これを強調させて、「私はあなたより”はるかに”美しい」としたいのであれば、比較級を強調する表現”much”を使って
I am much more beautiful than you
と言うことができます。
比較級の強調は非常に簡単ですので、パパッと覚えて当記事を閉じてください。では早速どうぞ。
比較級の強調
先ほど述べた通り、比較級を強調するには「much」などの比較級を強調する言葉を使います。
例えば”much”の他には 「by far=はるかに」「a lot・lots=はるかに」「even・still・yet=いっそう」も比較級を強調する言葉です。
ただし、これらは使えるときの条件がそれぞれ違うのでこれから詳しく解説していきます。
much
muchは冒頭の例文のように、比較級の前に置いて強調の文を作ります。例えば「私は彼より”はるかに”強い」と言う時は、強調のmuchを使って
I am much stronger than him(he)
となります。
ここで疑問として、「比較のthanの後ろってhim?he?」という声がよく上がりますが、それについては後ほど解説したいと思います。
by far
be farもmuchと同じで、比較級を強調させる言葉です。by farは文中に下の2パターンの置き方があります。
・比較級の後ろにつける
・「the+比較級」の前につける
例えば、「私は彼女より”はるかに”背が高い」と言うときは比較級の後ろに強調のby farをつけ
I am taller by far than her(she)
と言うことができます。
もちろん、強調のmuchを使って
I am much taller than her(she)
と言うこともできます。
また、「私は3人の中で”はるかに”背が高い」と言うときはtheが付く比較表現の前にby farをつけ
I am by far the taller of the three
と言うことができます。
もちろん何にでも使える強調の「much」を使って
I am much the taller of the three
と言うこともできます。
a lot・lots
a lot・lotsも比較級を強調させる言葉で、a lot・lotsは比較級の前につけます。※ただし、thanの後ろに名詞ではなく文などが来る際は使えない
例えば、先ほどの例文をそのまま借りて「私は彼女より”はるかに”背が高い」と言うときは強調のa lot or lotsを使って、
I am a lot taller than her(she)
or
I am lots taller than her(she)
と言うことができます。
しかし、「私は10年前よりも”はるかに”可愛いです」と言うときは
I am a lot cuter girl than I was 10 years ago ×
とは言えません。
なぜなら先ほど述べた通り、thanの後ろに名詞ではなく、普通の文がきているからです。上の文はmuchを代わりに使って
I am much cuter girl than I was 10 years ago
と言ってあげましょう。
even・still・yet
even・still・yetも比較級を強調させる言葉で、比較級の前に置き、「いっそう」と訳します。

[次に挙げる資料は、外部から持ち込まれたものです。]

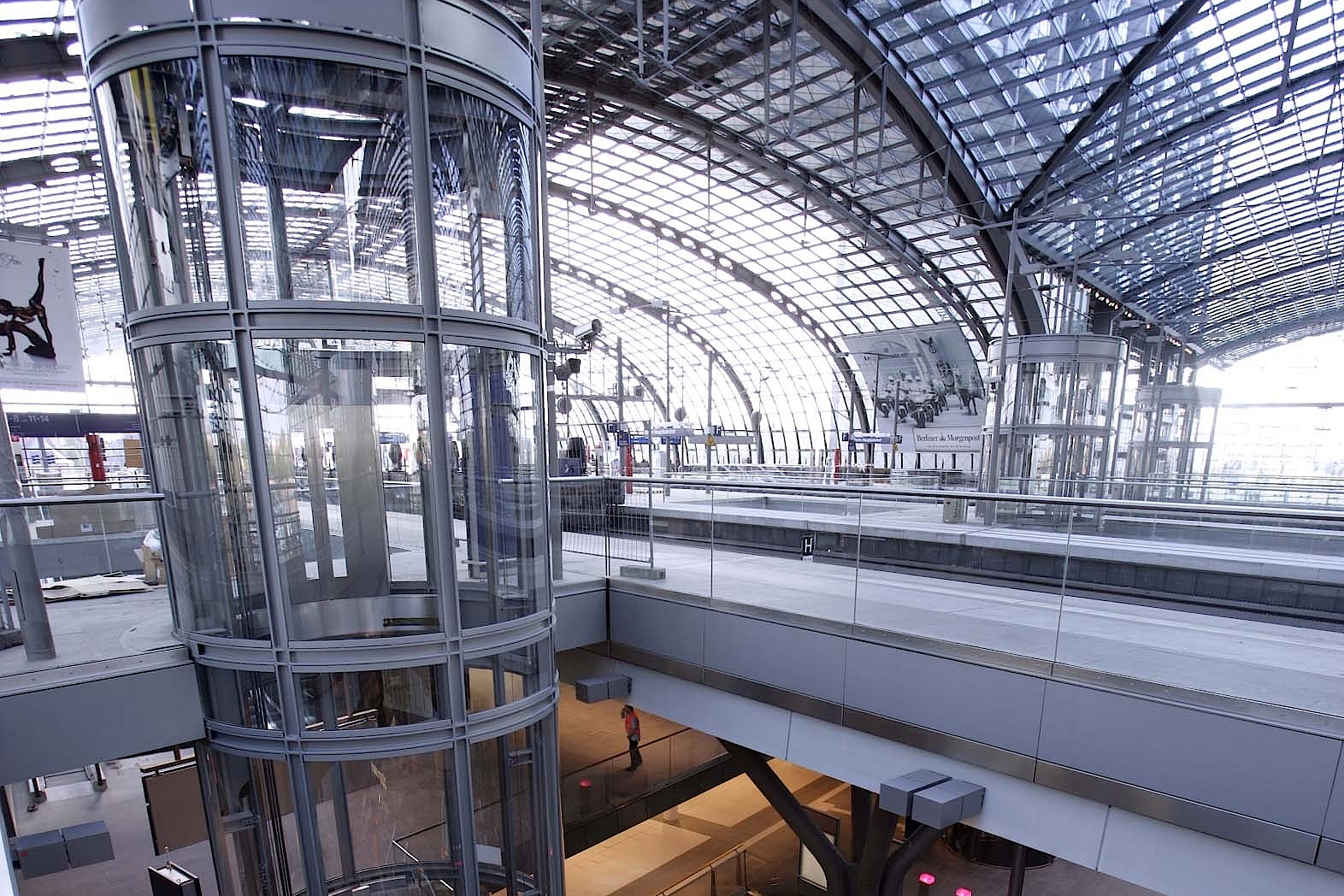 Curved glass for elevator construction - Lehrter Bahnhof, Berlin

例えば「私は彼女より”いっそう”背が高いです」と言う時は、
I am still taller than her(she)
I am even taller than her(she)
I am yet taller than her(she)
と言います。
いっそうと言うことは、彼女も実際は背が高くてでもそれよりいっそう私の背の方が高いと言うことです。つまり、彼女も高くて私も高いです。

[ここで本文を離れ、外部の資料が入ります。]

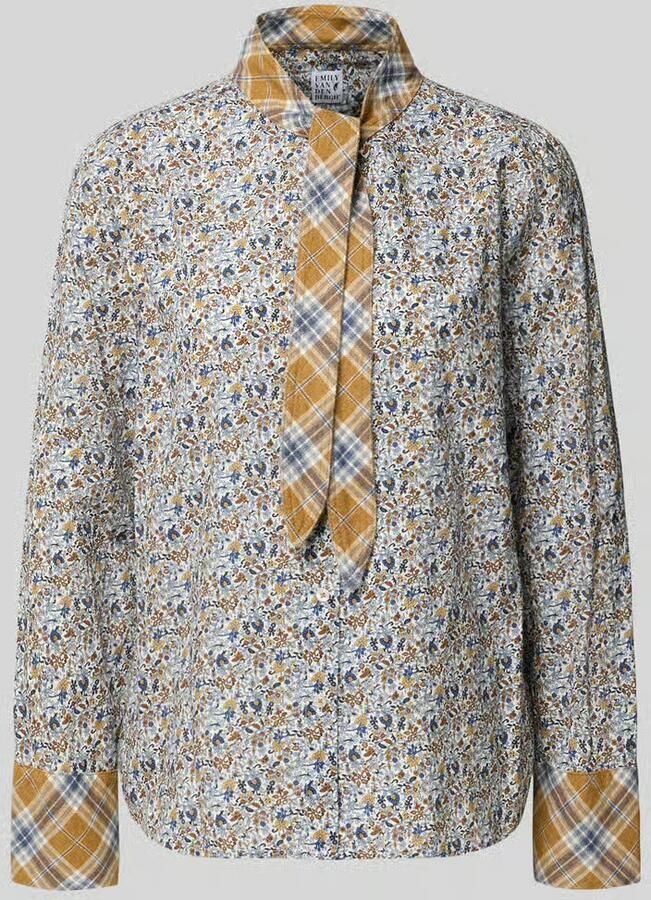 Emily Van den Bergh strikblouse in all-over look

しかし先ほど解説した「much・by far・a lot・lots」だと「私は彼女より”はるかに”背が高いです」となるので、彼女の背が高いかどうかはわかりません。ただ、私と彼女の背の高さは大きく違うということだけを表しています。
この2つの違いはしっかり理解しましょう。
thanの後ろってhim?he?
先ほどの例文「私は彼より”はるかに”強い」
I am much stronger than him(he)
のthanの後ろはhim?he?という問いの答えは、「himでもheでもどちらでもいい」です。昔は、英語のthanは元々接続詞であり、接続詞の後ろには「主語+動詞」が続くためthanの後ろは主語になるheが正解と言われていました。

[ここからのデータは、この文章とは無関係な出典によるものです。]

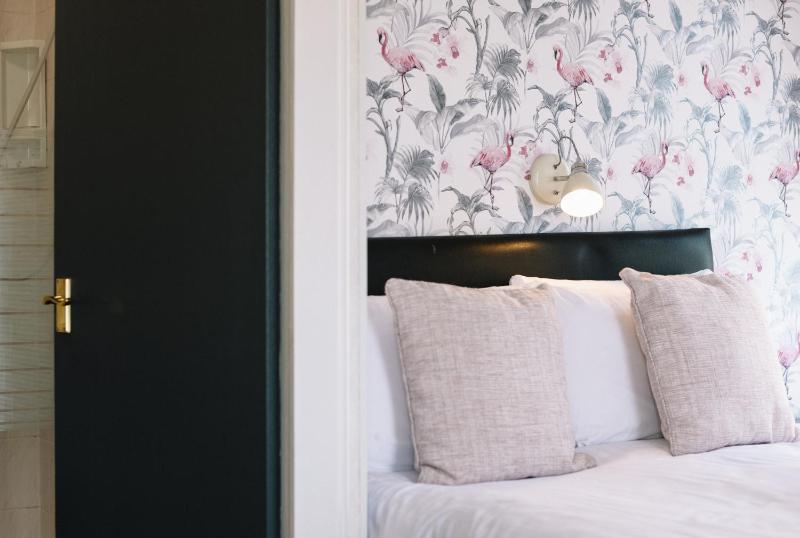 Double Room with Sea View image 1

I am much stronger than he is strong
略して、
I am much stronger than he
しかし、文末に主語の”he”が来ることに違和感を感じる人や、thanを前置詞と誤解して目的格の”him”を使う人が増えたため
I am much stronger than him
が現在ではむしろ一般的な表現とされています。そして、その変化に伴いthanの品詞の辞書の記載も
・古い辞書→「接続詞」のみ
・新しい辞書→「前置詞」「接続詞」の順
に変化しました。
時代と共に言葉も変化しています。実際にネイティブの友達にthanの後ろはhimを使う?heを使う?と聞いてみたところ、「後者(he)は古い感じがするので前者(him)を使う」と言っていました。だが、テストではどちらでも正解なのでどちらかを書きましょう。
まとめ
英語の比較級を強調する「much・by far・a lot・lots・even・still・yet」はだいたいが比較級の前に置かれる(by far以外)。
「much・by far・a lot・lots」と「even・still・yet」は若干意味が変わる。
・much・by far・a lot・lots→はるかに ・even・still・yet→いっそう
than の後ろは主格でも目的格でもどちらでもいいが、現在は一般的に目的格が使われるようになっている。
以上が、英語の比較級の強調用法でした。